Quand on débute sa carrière avec des films de la qualité artistique de « Batman, le Défi », « Sleepy Hollow » ou « Edward ou Mains d’Argent », fascinantes œuvres gothiques sans effets numériques, et qu’on l’enchaîne avec « Charlie et la Chocolaterie » ou « Alice au Pays des Merveilles » dans lesquels le moindre détail regorge de pixels, on se prend à dire que certains artistes changent trop facilement. Ayant à cœur de projeter à l’écran l’univers bouillonnant de son cerveau faussement dépressif, Tim Burton a bel et bien sombré dans le tout numérique afin de n’avoir plus aucune limite.

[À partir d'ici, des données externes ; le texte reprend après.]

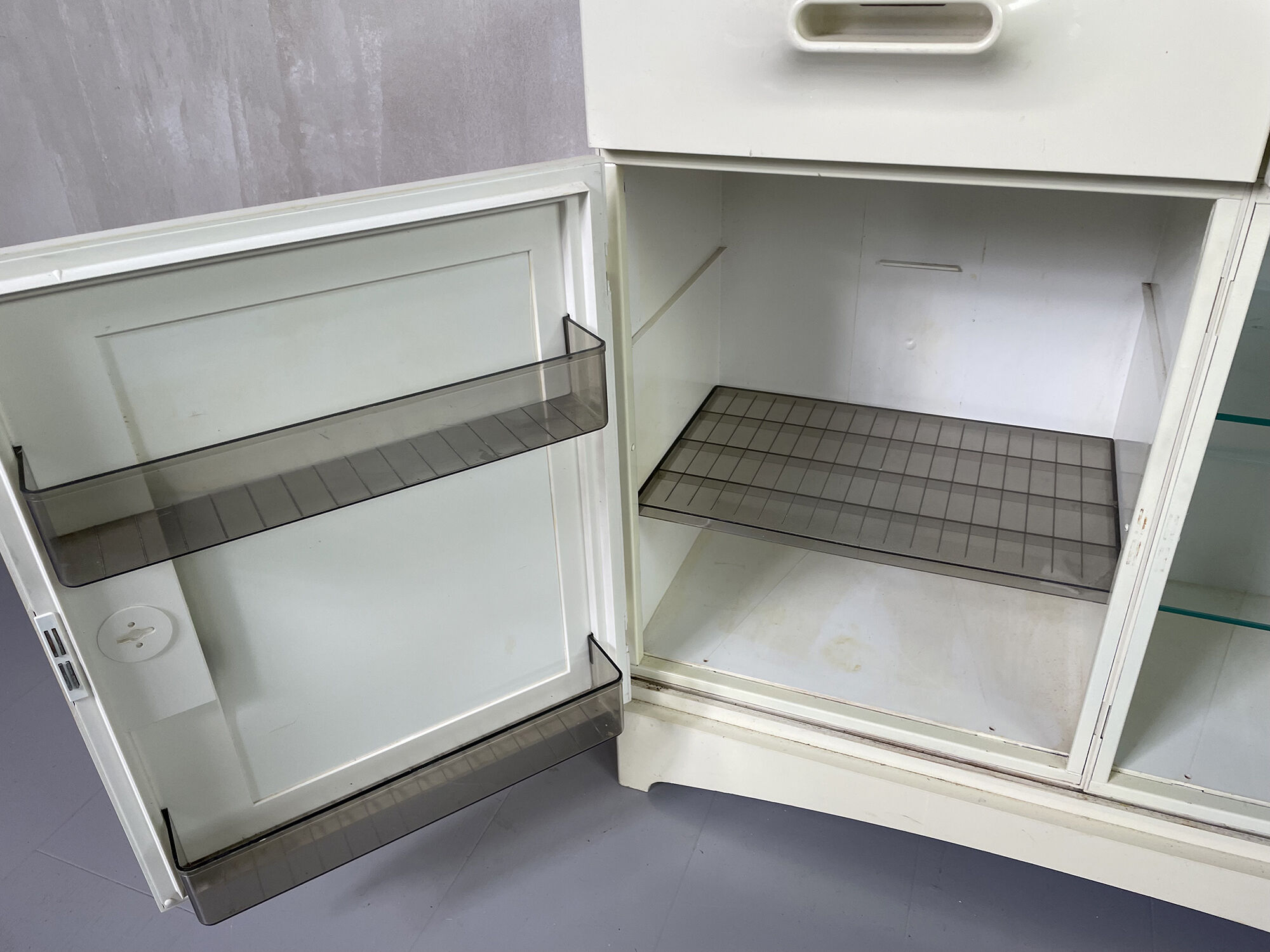 Kitchen buffet distributed by Prisunic, 1970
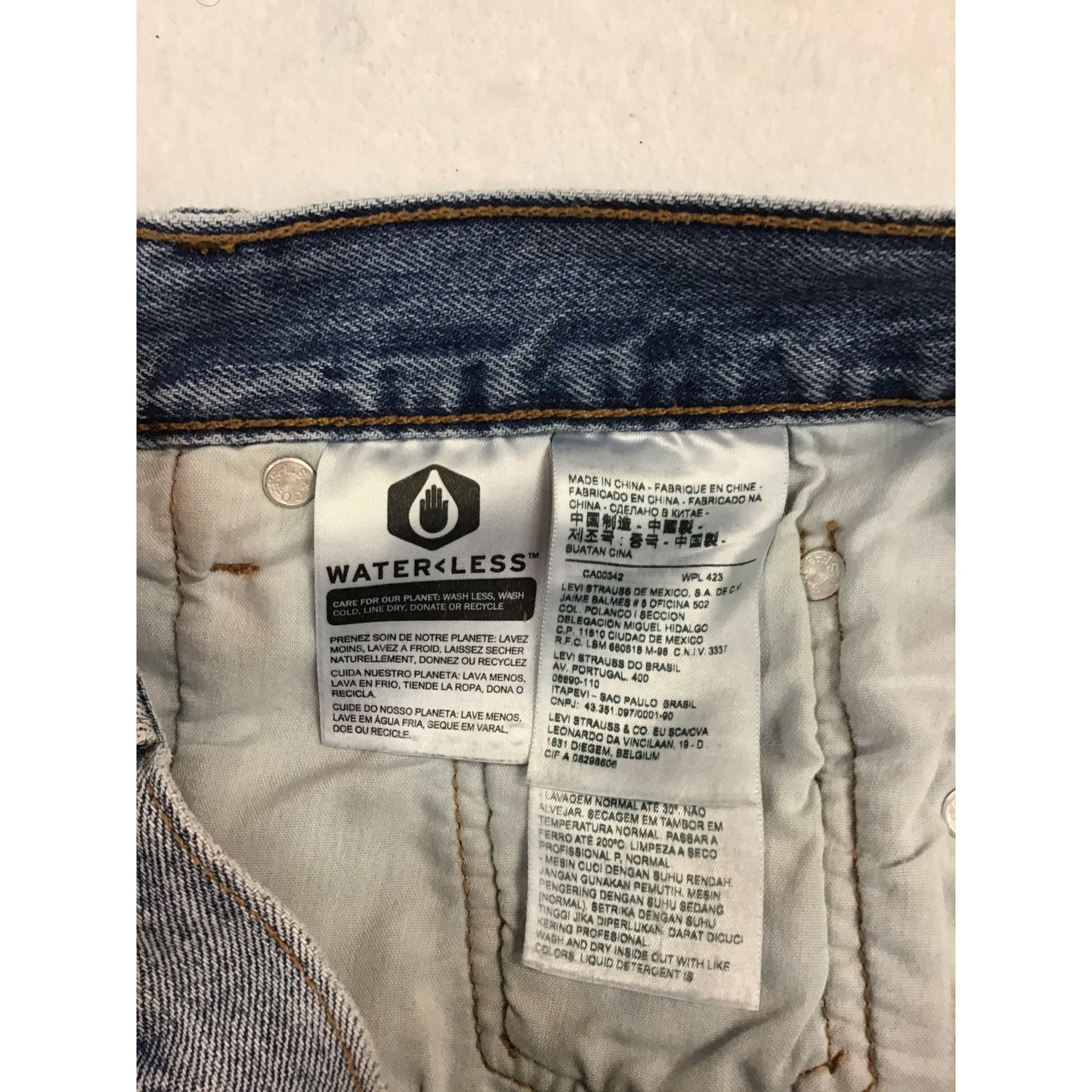 Women’s Cut-Off style Jean Shorts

On pourrait dire qu’il a raison, surtout quand on voit ce que fît James Cameron sur « Avatar ». Sauf qu’il y a deux types de cinéastes : ceux qui savent utiliser les images de synthèse… et ceux qui font n’importe quoi avec. Burton trouverait plutôt sa place au sein de la seconde catégorie, à notre grand dam. D’où les nombreux tics accompagnant la projection de « Dark Shadows », son dernier bébé forcément attendu au tournant. Le fait est que Burton imagine et créé des décors d’une beauté extraordinaire, empruntant à ses peurs enfantines. Du coup, on ne peut que s’incliner une fois de plus devant le design du moindre arbuste. Mais la moindre couche de numérique se distingue tellement que jamais, au grand jamais, on ne pourra y croire. Certains jeux-vidéos apparaissent plus réalistes que certains plans d’ensemble du film.

 

De même, on pourra critiquer le scénario qui est comme les images de synthèses : faux et peu enclin à diriger l’œuvre vers le haut. Les facilités l’accablent. Finalement le Burton de la décennie 2010 c’est un peu ça : l’artiste est toujours là mais il préfère ne plus se salir les mains, ne plus prendre le moindre risque et verser dans une facilité maladive. En témoignent encore une fois les présences de Johnny Depp et Helena Bonham Carter, décidément toujours au générique. Heureusement pour nous, « Dark Shadows » constitue pour autant un excellent divertissement saupoudré d’un humour et d’une sensualité pour le moins agréables. Les costumes sont somptueux (Depp apparaît comme une superbe nouvelle version du Nosferatu de Murnau) et puis il y a Eva Green. La française irradie le métrage d’une chaleur torride, d’un magnétisme fulgurant en grande méchante. Ses assauts finaux en poupée de porcelaine brisée arrachent quelques-uns des frissons les plus excitants de l’année. Sa présence sauve les meubles et sort quelque peu le film du simple divertissement. Burton se retrouve enfin, peut-être est-ce annonciateur d’une suite de carrière revenant aux origines. Etonnamment, cela semble bien parti puisqu’il retrouve la merveilleuse animation en stop-motion de « L’Etrange Noël de Mr. Jack » et « Les Noves Funèbres » avec « Frankenweenie » prévu pour octobre. La bande-annonce laisse rêveur, espérons que le film procure les mêmes sentiments.